What do you think, Johánek, whom I found on the street? What do you think Starlet, Uki, Misha and my dearest Petinko—I used to call you Van Gogh because you were so special, unique, ginger and white—I even wrote a book about you, hopefully someone will publish it one day. And what about you Mauglí, you will pompously walk in, wagging your broken tail as a doggie; your eyes will sparkle like ocean lagoons again, won´t they?? Death is only a thin veil. I´ll come too and I will be attractive and will run happily towards you, my cats. We will do the best gigs together; I´ll be pulling the string or the Bad Toy which always gently hits your noses or ears because it has a rubber band. Oh, I have forgotten Piggy who vanished when I left home a long time ago. When I returned from a trip to stay for a short time only, Piggy greeted me and then lay down in his basket next to the bed watching me with a painful, reproachful and questioning look. After my next departure he left for ever. Piggy, you will be there too, won´t you? You were a brave lad who jumped out from the first floor straight onto the street to play with the sweeper´s broom. Piggy the prankster, the joker. You were a poor and dirty street cat. I picked all your fleas with my fingers—and then I had to leave, my poor little boy.

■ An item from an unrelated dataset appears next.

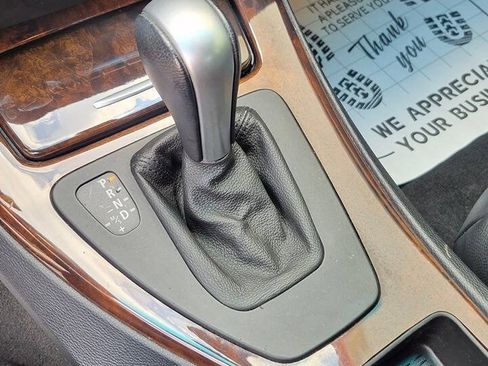 Used 2006 BMW 325i Sedan RWD image 43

I still have a bad conscience because of what I did to you, Piggy, but I had to earn money; I was a student in those days.

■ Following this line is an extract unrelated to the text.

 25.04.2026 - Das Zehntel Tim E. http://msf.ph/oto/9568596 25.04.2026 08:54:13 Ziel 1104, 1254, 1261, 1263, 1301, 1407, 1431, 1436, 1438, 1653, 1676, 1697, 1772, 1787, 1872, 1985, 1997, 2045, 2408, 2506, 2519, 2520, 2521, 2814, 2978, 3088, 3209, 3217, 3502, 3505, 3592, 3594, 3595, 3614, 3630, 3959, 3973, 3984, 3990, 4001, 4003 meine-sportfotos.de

As you know, my cats, my inspiration, my great love and Muses, I had to leave you from time to time; I had to leave your eyes. When we are together again somewhere it will be easy to explain everything; you will forgive me, won´t you. Do you remember, Petinko, when you wanted a cuddle, I often used to say: Esterka your friend must work now so Petinko has something to EAT. This referred to you, Petinko; children were throwing you half dead on a heap of coal in the yard next to the house and you, a ginger and white, skinny kitten, were close to death and therefore you needed to be fed a lot. When you were sitting next to me on a chair by the fridge with your little front paw lifted, watching me with your grey green eyes full of question marks, I couldn´t resist their beauty and took an immediate decision that you would never ever again encounter fear and misery; then in your whole life you never wanted to go out, to the outside world, am I correct or not? When we were laying next to each other close to the electric heater, and I longed so much to be a child again, I was telling you fairy tales and you were laughing until you recovered, even though the vet had not given much hope. I loved you so much; you were scrawny and lame and I laid you down in a little armchair and covered you with a blanket so that you felt cosy as if you were in a bed and I fed you with egg yolks and wine sugar on the tip of my finger. Later you became a strong and big tomcat and whenever I was working you could not wait till I finished so that we could BE TOGETHER again. When in bed we were watching each other solemnly. First I called you Petrushka and later Péti. Be there too, please, I´ll come to join you. And don´t be jealous of little Snail, as you know, he was a lad from the forest, the son of a semi-wild cat; you used to bully him and Snail was such a shy guy. Mauglí loved you and after you had gone she was moaning for nights at the place you used to lay down. Her grief broke my heart. She was missing you so much even though Snail fathered her kittens; well, sit down next to Mauglí as you used to once upon a time in the kitchen and wait until I come. Will you?
Mauglí was survived by two offspring, the brothers Crayon and Bajaja. They love each other in the same way that you, little Snail, was beloved by Beanie who loved you as if you were her son. And there is also Aran, an intelligent and beautiful calico cat, who I found at the next door cemetery on a cold day when she was a tiny kitten. All of them will be gone before me, at least I hope so. I´ll be able to cope with the grief. They are old. Me too.
Cats of mine, please make a guard of honour for me when I pass away. I beg you. I don´t have better company; I would write such a letter to nobody other than you, my pets, my friends, saviours from despair in the worst times. Come and meet me!
My best regards to all of you. We all discovered the incommunicable within ourselves, we found each other and we loved each other.